GenPrime set to launch drug screen in U.S.
Biotech firm’s test platform gains crucial FDA approvalMarch 13th, 2014
GenPrime Inc., a biotech company based in downtown Spokane, expects later this month to launch sales domestically of a medical device it has developed to test for drug abuse, following recent approval of its technology by the U.S. Food and Drug Administration.
The company has sold its product, known as the D-Cipher drug screen platform, in Europe since 2010. Overseas, it has 1,000 units in use, says Darby McLean, GenPrime’s chief operating officer.
“The U.S. market is so much larger,” McLean says. “We are working with a partner company for U.S. distribution. We’re not quite ready to disclose the terms of that arrangement, but it’s near term. I’d say in the next 30 days, we’ll be able to begin sales.”
She adds, “We expect sales in the first year to be more than double the current sales in Europe to date.”

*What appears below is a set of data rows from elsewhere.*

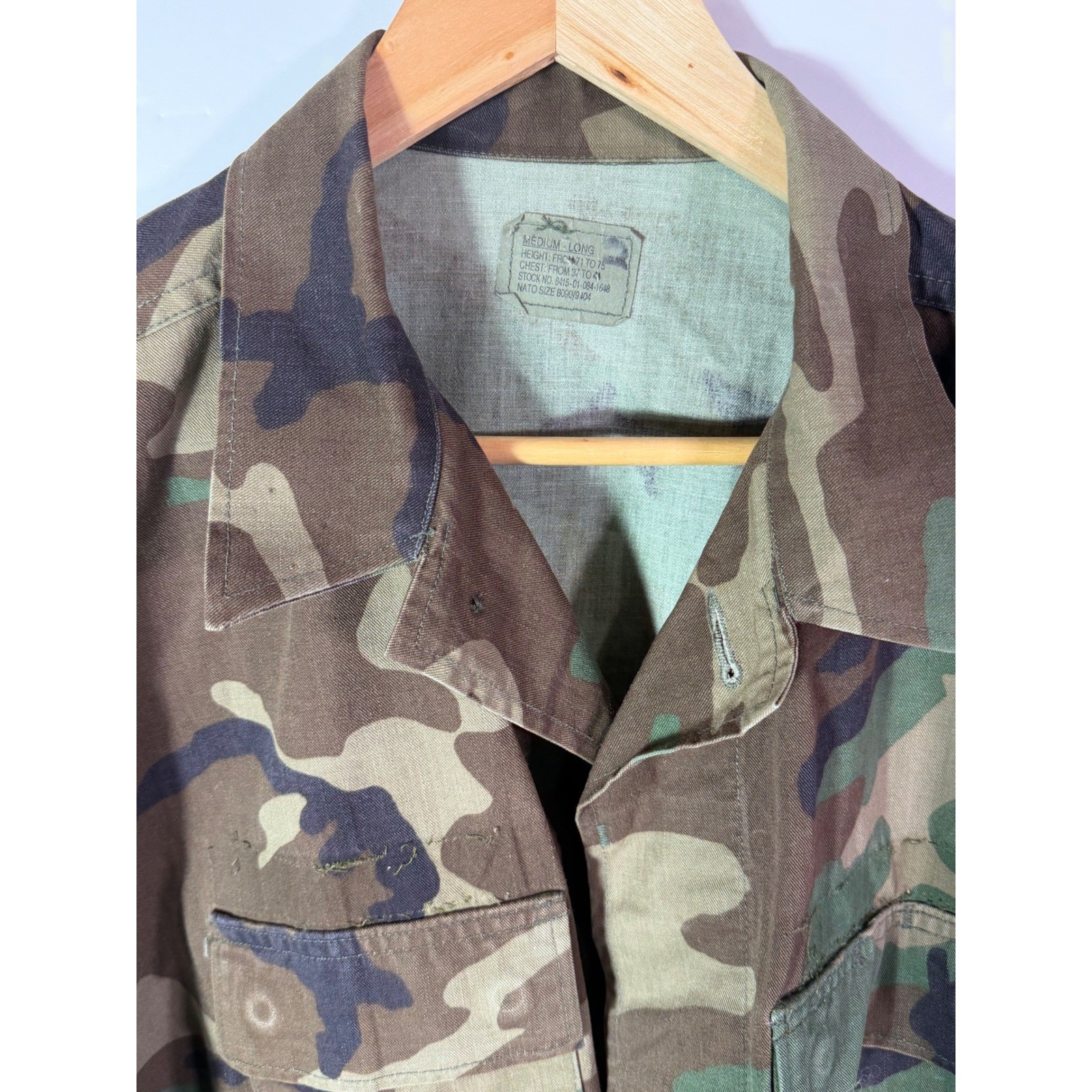Vintage US Military Woodland Camo BDU Field Jacket Medium Long 8415-01-084-1648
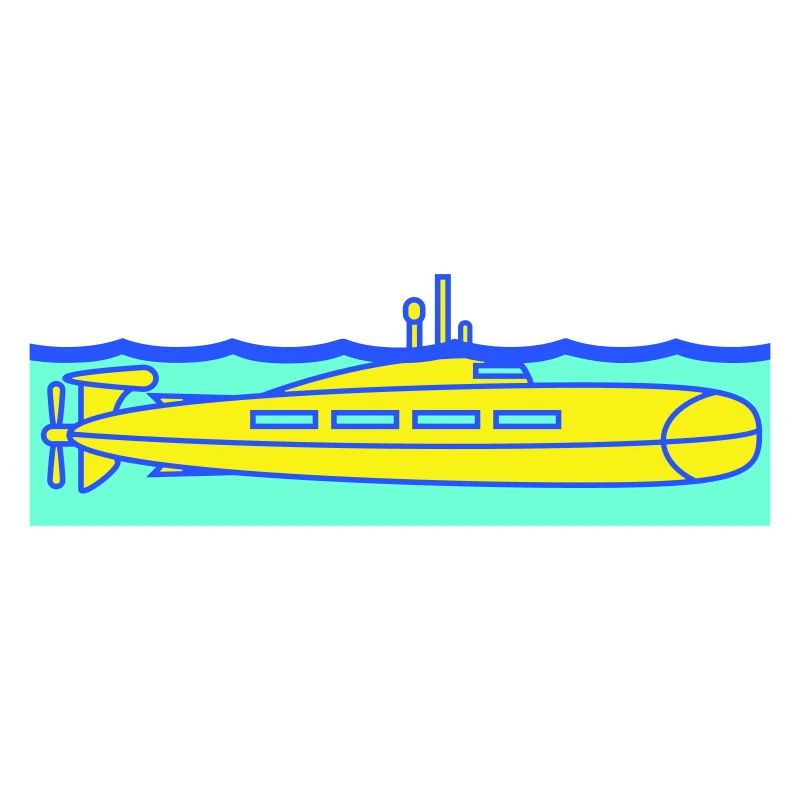Submarine Water Surface Periscope Watching Dives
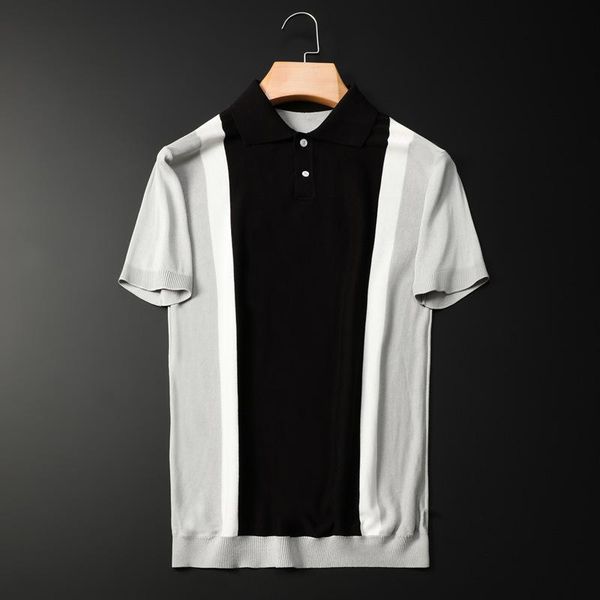 men's polos knitted shirts for men 2021 summer contrast color shorts sleeve lapel tee business casual social male clothing, White;black
men's polos knitted shirts for men 2021 summer contrast color shorts sleeve lapel tee business casual social male clothing, White;black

McLean says GenPrime and its partner company plan to market D-Cipher to laboratories that conduct third-party drug testing, to physician offices, and to employers who perform workplace testing. She says the devices will be free or carry a negligent cost. GenPrime will derive income from use of the device’s software, garnering a royalty each time the system produces a test result, she says. The partner company will gain revenue from selling the disposable drug test kits designed for use with the system.
“The company we’re working with has a much larger presence in the marketplace,” McLean says. “GenPrime will maintain its identity as the manufacturer and regulatory owner. We’ll be the interface, and the partner will help with sales and distribution.”

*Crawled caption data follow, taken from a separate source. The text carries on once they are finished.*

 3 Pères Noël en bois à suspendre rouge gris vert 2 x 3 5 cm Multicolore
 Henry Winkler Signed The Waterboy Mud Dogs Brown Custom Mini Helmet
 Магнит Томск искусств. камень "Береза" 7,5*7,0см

D-Cipher is designed as a rapid, one-step testing system that can detect drugs in human urine. It’s designed to detect a wide range of drugs that include methamphetamine, cocaine, barbiturates, and marijuana.
GenPrime’s system employs a single-use, disposable cup outfitted with what are called lateral-flow test strips for diagnostic screening, similar in function to an at-home pregnancy test. The D-Cipher test strips are embedded to interface with an electronic reader that has a small scanner so that high-resolution images of lateral-flow tests are captured and digitally analyzed. The system that includes GenPrime’s software automatically logs the results into a database.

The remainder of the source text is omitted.